Kenton Sewer - the Columbia Slough, 1934.
Photo courtesy of the City of Portland
Stanley Parr Archives and Records Center

The human waste would probably sink pretty fast, so that wasn't always visible except if you were right by a discharge pipe. But the animal waste, the blood, floated on the water. They were still doing that after I was going down there. . . There were still the slaughterhouses. There was still one operating when we moved here in 1960. You smelled it when they slaughtered. George Mitchoff, Kenton resident

   Since the 1950s, some community residents have proposed re-opening the City Canal. They argue that opening the Slough to the Columbia's tidal flow would eventually remove pollutants. In addition, others claim that opening the slough would allow for navigation and increased business opportunities.

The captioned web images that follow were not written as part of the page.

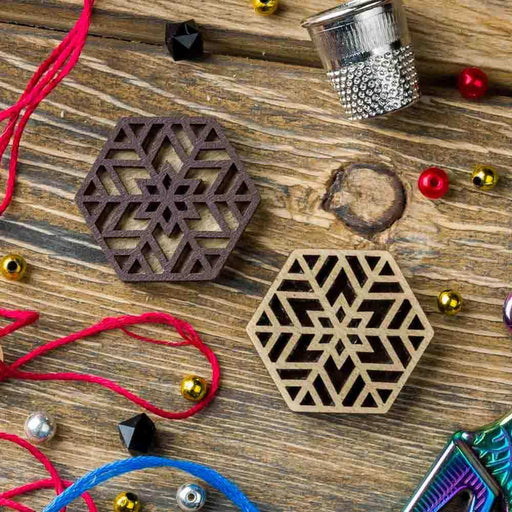 Magnetic Needle Holder - Wooden Needle Minder Wonderland Crafts Needle Minders - HobbyJobby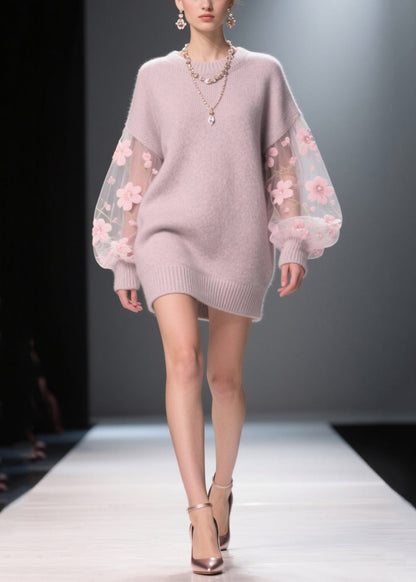A Vintage Style Sweater with Delicate Timeless Details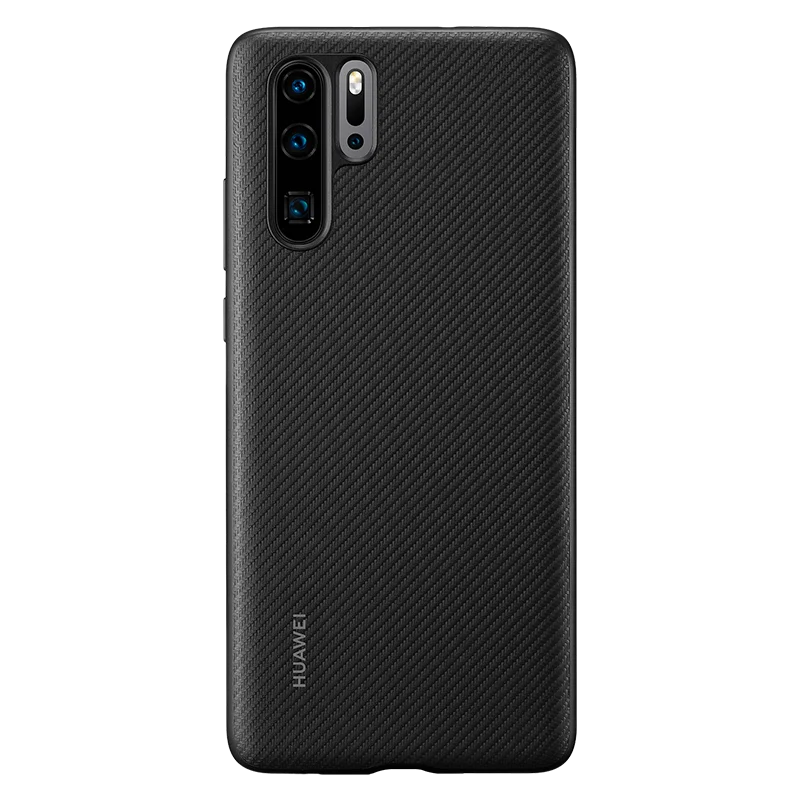 Черный Официальный чехол HUAWEI P30 Pro, полное покрытие, предотвращает появление отпечатков пальцев из микрофибры, кожаный чехол HUAWEI P30, задняя крышка - Цвет: Черный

   For years, numerous industries including the woodworking companies, oil refineries, and steel production facilities dumped waste into the Columbia Slough. Agricultural pesticides, landfill seepage, airport de-icing fluid, and increased parking lot runoff contribute to the numerous hidden pollutants that affect slough communities. The viscuous film of bloody debris and raw sewage that once covered the Lower Slough is no longer visible, but other less obvious contaminants have led scientists, environmentalists, city officials, the media, and many residents to declare the Columbia Slough a site of "Toxic Waters."